¶VirtualDub Plugin SDK 1.0 released
The new VirtualDub Plugin SDK has been released and supercedes the old Filter SDK. You'll find it via the navigation links on the right, or on the main site, if you're reading this via a feed. This is intended for anyone writing plugins or even attempting to host plugins. The differences from the filter SDK are as follows:
- Describes plugin API functionality through the current version of VirtualDub (1.8.6).
- Contains new information about 64-bit plugins and input drivers.
- Reorganized and improved documentation in HTML Help (CHM) format.
- Includes project files for Visual C++ 6.0 and Visual Studio 2005 (easily convertable to VS2008).
- Includes new wrappers to make it easier to create video filters in object oriented form instead of procedural form.
If you've ever tried to write documentation like this before, you probably discovered like I did that it takes a lot of time. In fact, it often takes longer to document functionality than it takes to implement it, at least if you want to write docs that are a bit more useful and better formatted than slightly warmed over headers. Describing the meaning of symbols and calls in an API is one thing; actually writing coherent documentation that shows how they should be used to an end is another.

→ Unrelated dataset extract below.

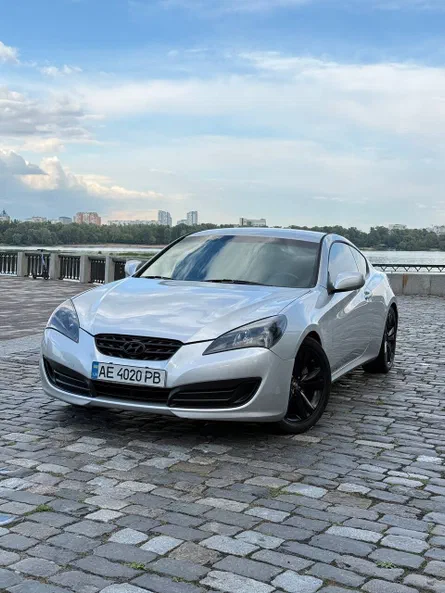 Hyundai Genesis Coupe 2010 - 1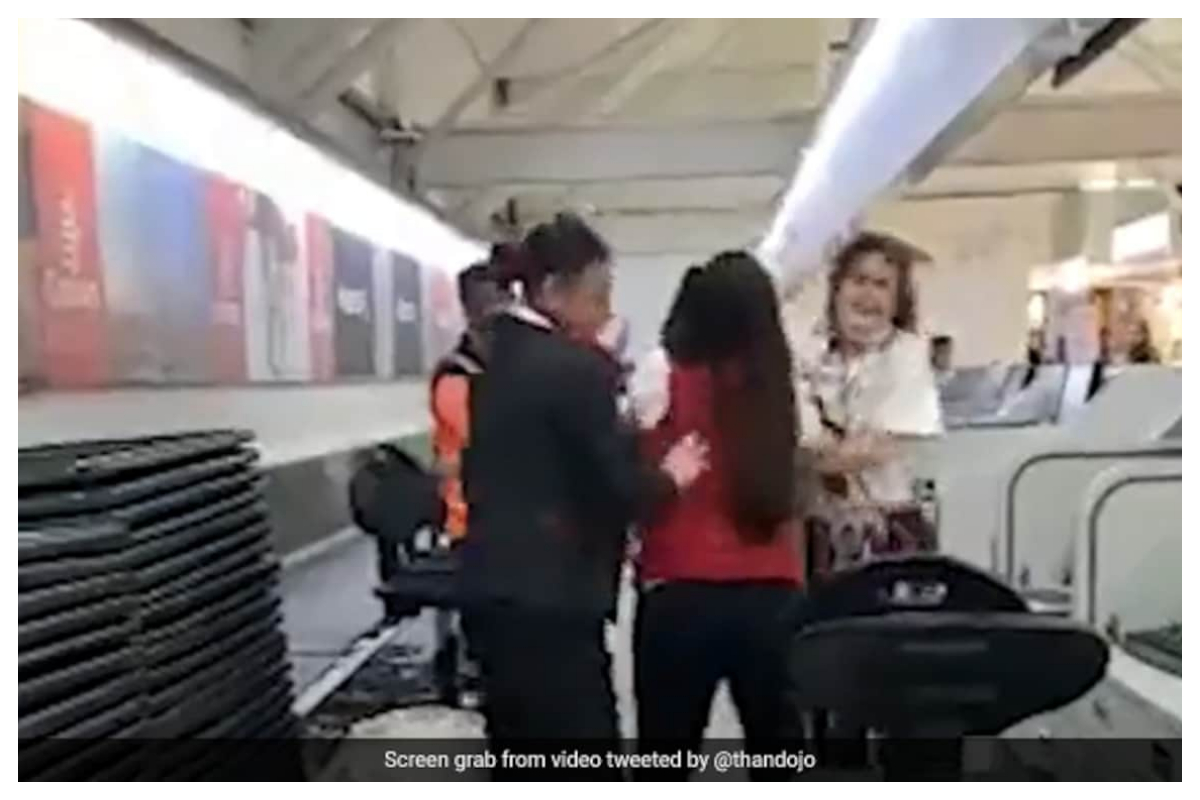 Woman hits and throws stuff at Emirates staffer after missing flight in Mexico, It gets viral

Another change in the documentation style is that the Plugin SDK omits most of the information from the Filter SDK about how to write optimized code, particularly the assembly/MMX portions. One reason is that it didn't fit well with the purpose of documenting the API, and another is that a lot of the advice in the filter SDK is outdated, given that it was written in the days of the 80486 and Pentium architectures, and it would take a lot of work to revise it. That isn't to say that the information isn't important, as the potential gains from vector optimization are as great today as they were years ago, but looking back at the old documentation I was dissatisfied with the treatment of the topic. That's probably a reflection of the way that I've evolved as a programmer over the years.